Download location data:
LocationHistory.json
file. Working with location data in Pandas. Pandas is an incredibly powerful tool that simplifies working with complex datatypes and performing statistical analysis in the style of R. Chris Albon has great primers on using Pandas here under the "Data Wrangling" section.After completing the setup, we'll read in the LocationHistory.json
file from Google Takeout and create a DataFrame.
import json
import time
import datetime
import numpy as np
import pandas as pd
import matplotlib.pyplot as plt
from matplotlib.collections import PatchCollection
from IPython.display import Image
import fiona
from shapely.prepared import prep
from descartes import PolygonPatch
from mpl_toolkits.basemap import Basemap
from shapely.geometry import Point, Polygon, MultiPoint, MultiPolygon
import warnings
warnings.filterwarnings('ignore')
with open('LocationHistory.json', 'r') as fh:
raw = json.loads(fh.read())
# use location_data as an abbreviation for location data
location_data = pd.DataFrame(raw['locations'])
del raw #free up some memory
# convert to typical units
location_data['latitudeE7'] = location_data['latitudeE7']/float(1e7)

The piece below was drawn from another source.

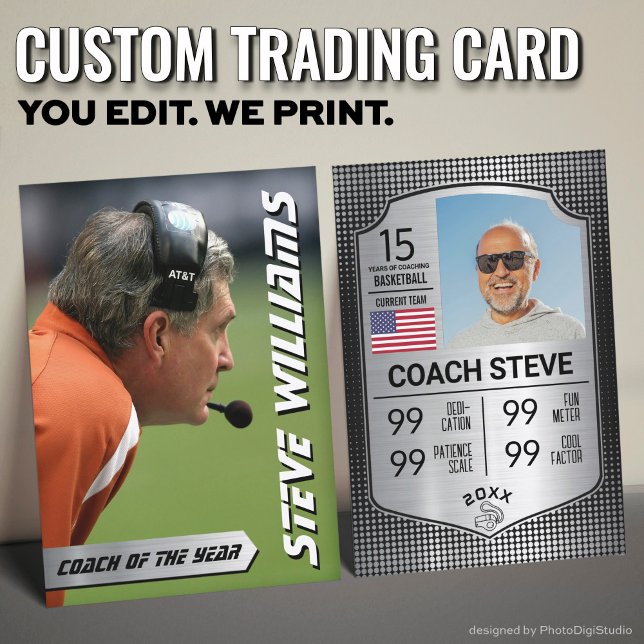 Funny Coach Trading Card Coach Stats Card Gift (Custom Coach Trading Card, Silver Shield Coach Card)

location_data['longitudeE7'] = location_data['longitudeE7']/float(1e7)
location_data['timestampMs'] = location_data['timestampMs'].map(lambda x: float(x)/1000) #to seconds
location_data['datetime'] = location_data.timestampMs.map(datetime.datetime.fromtimestamp)
# Rename fields based on the conversions we just did
location_data.rename(columns={'latitudeE7':'latitude', 'longitudeE7':'longitude', 'timestampMs':'timestamp'}, inplace=True)

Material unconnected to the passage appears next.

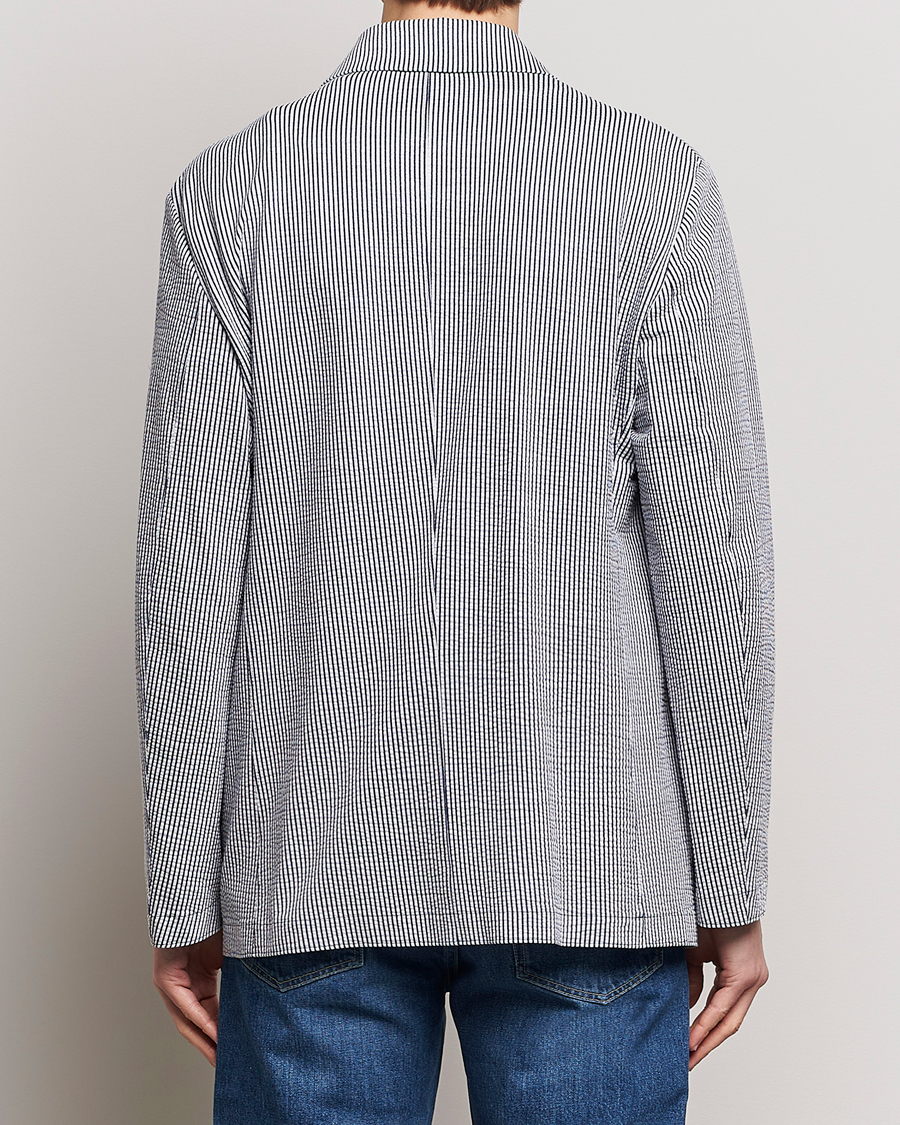 Hombres | Blazers | Harris Wharf London | Coolmax Striped Seersucker Drop Shoulder Blazer Blue/Cream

location_data = location_data[location_data.accuracy < 1000] #Ignore locations with accuracy estimates over 1000m
location_data.reset_index(drop=True, inplace=True)
location_data.head()
location_data.dtypes
location_data.describe()
print("earliest observed date: {}".format(min(location_data["datetime"]).strftime('%m-%d-%Y')))
print("latest observed date: {}".format(max(location_data["datetime"]).strftime('%m-%d-%Y')))
earliest_obs = min(location_data["datetime"]).strftime('%m-%d-%Y')
latest_obs = max(location_data["datetime"]).strftime('%m-%d-%Y')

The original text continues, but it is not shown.